O que mais gosto do Cinema Nigeriano, seja Nollywood ou o periférico como as iniciativas desses meninos da The Critics e do diretor Cj Obasi, (que agora já ganhou um bom dinheiro) é que eles tem autenticidade. Tem coragem de serem quem são. Não há filme arrastado porque não se consome isso lá. O público é o chefe, como deve ser. Em todo lugar onde há indústria de cinema de sucesso, o ranking de investimento de atenção e amor dos realizadores está posicionado assim:
- Dinheiro (mercado)
- Pelo ofício
- Status
- Por si mesmo.
Ou
- Pelo ofício
- Dinheiro (mercado)
- Status
- Por si mesmo.
Me perdoe, mas o modelo brasileiro de produção de filmes independentes tem sido algo do tipo:
- Status
- Si mesmo
- Pelo ofício
- Dinheiro
Com uma variação do primeiro e segundo lugares entre si. Isso não tem como criar indústria. Pode me odiar, não ligo muito não. Enquanto não entregar ao mercado o que o mercado quer assistir, não tem como não. Fazer filmes para o seu próprio círculo social e obrigar o Estado a pagar só porque essa trupe se autoelogia há decadas, pra mim é um tipo de extorsão.
Existem filmes arrastados que eu amo, mas existe uma parcela enorme de filmes arrastados que acreditam que ser arrastado pode e deve ser a principal qualidade de um filme. São filmes que não arriscam nada. Produtores que não querem ousar. A cultura cinematográfica não tem nada a ganhar com essa prisão.
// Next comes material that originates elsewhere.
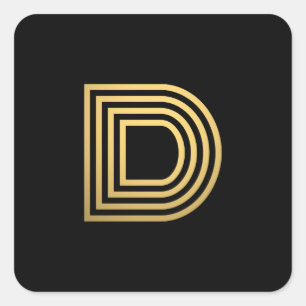Modern Gold Monogram Square Sticker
Os exibidores são o maior poder no cinema, sabemos disso. Só que há uma desconexão com os produtores. Real oficial. Os exibidores gostariam sim que o primeiro Jogos Mortais tivesse sido um filme brasileiro, ou mesmo o Atividade Paranormal… ou mesmo o espanhol R.E.C. Filmes baratos ao extremo e dos mais lucrativos da história. Porque não temos? Porque falta vontade do produtor. Vou te dizer mais, dos únicos exemplos que temos de produções assim, foi por ousadia financeira do próprio exibidor.
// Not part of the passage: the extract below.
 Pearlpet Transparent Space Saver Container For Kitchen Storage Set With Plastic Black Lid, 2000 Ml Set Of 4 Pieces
Os editais públicos parecem ser indicados a repassar a mesma agenda política de militância conveniente. Aí se eu falo verdades sobre o mercado do Cinema, o que acontece? Querem me chamar de direita. Ta tudo bem, quando eu falo que a direita quer fazer filme com cenas que também não podem sequer existir, aí sou chamado de esquerdista. Entendeu o que significa ser preto outsider? Taí mais um capítulo. Se parar de rezar uma das cartilhas pré-definidas, fica difícil de encontrar lugar. Só que o subdesenvolvimento dessa indústria continua falando pelos resultados. O independente deveria ser o primeiro a não querer se encaixar, mas pra isso, deveria amar menos a si mesmo e amar mais as histórias. Parar de tanta implicância com a Jornada do Protagonista já seria um bom começo… mas isso é assunto pra outro dia.